Activity >> Retype each line of the data below exactly, beginning with the first and ending with the one that contains "Helioptile #49/159 Common". Pictures do not belong in the copy.

Supplied material >>
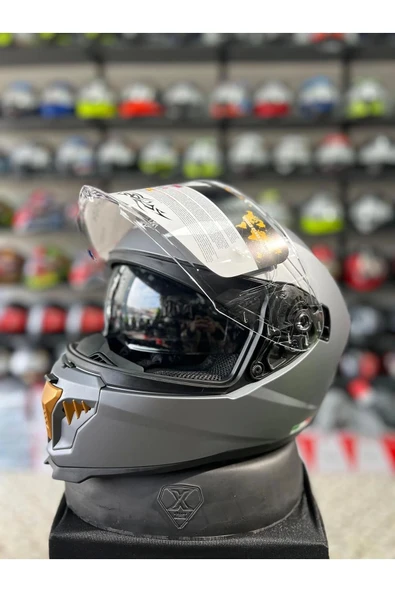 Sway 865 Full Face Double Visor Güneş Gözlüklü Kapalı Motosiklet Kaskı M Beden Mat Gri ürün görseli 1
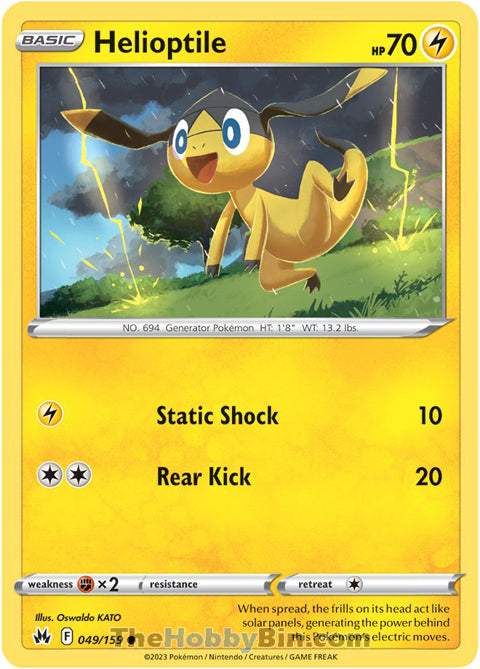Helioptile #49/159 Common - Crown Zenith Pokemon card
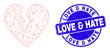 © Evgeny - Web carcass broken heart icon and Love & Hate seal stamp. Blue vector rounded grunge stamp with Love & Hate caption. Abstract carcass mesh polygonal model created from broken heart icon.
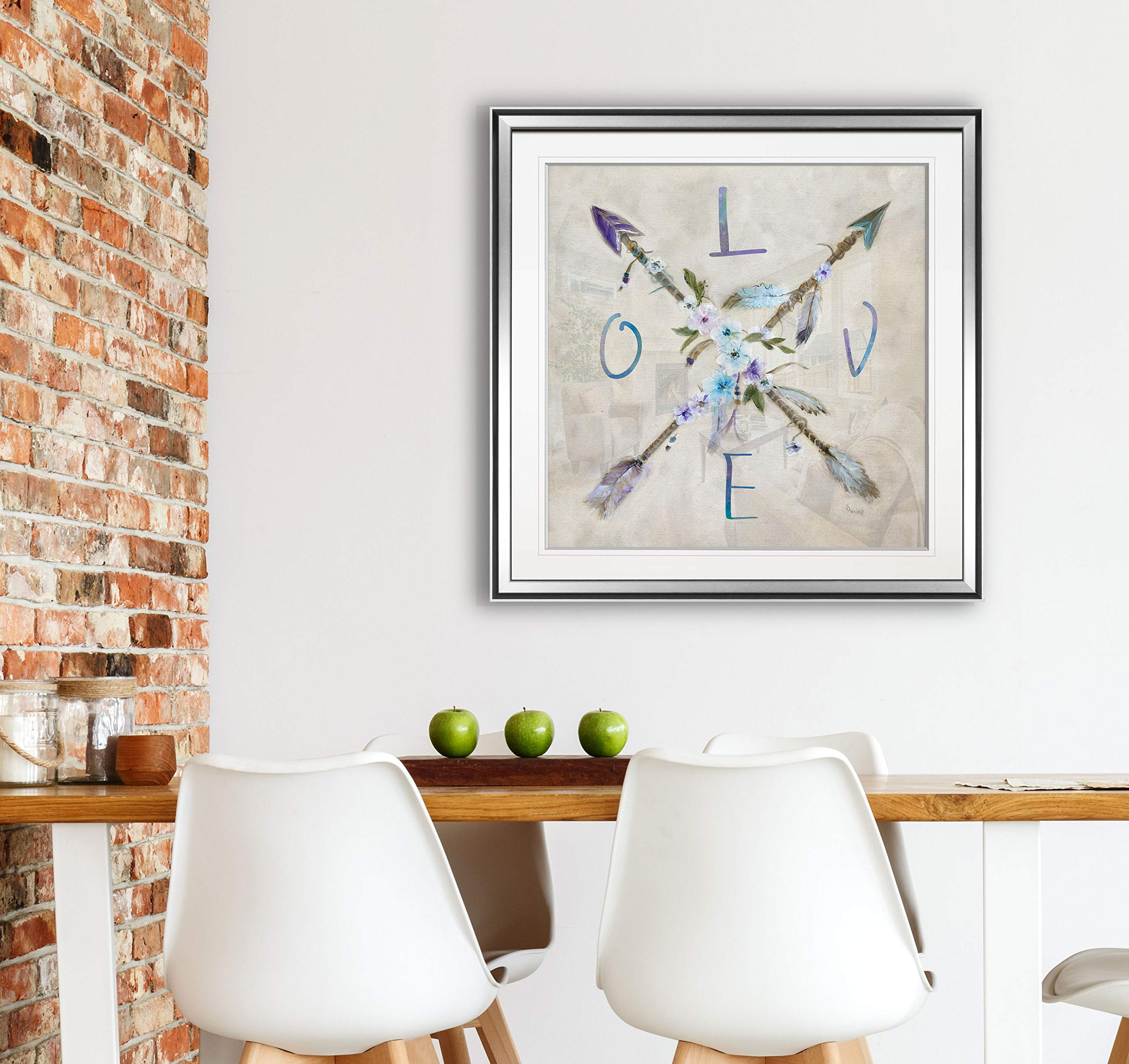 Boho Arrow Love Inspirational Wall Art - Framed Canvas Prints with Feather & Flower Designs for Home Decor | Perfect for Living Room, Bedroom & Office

Solution for this problem >>
 Sway 865 Full Face Double Visor Güneş Gözlüklü Kapalı Motosiklet Kaskı M Beden Mat Gri ürün görseli 1
Helioptile #49/159 Common - Crown Zenith Pokemon card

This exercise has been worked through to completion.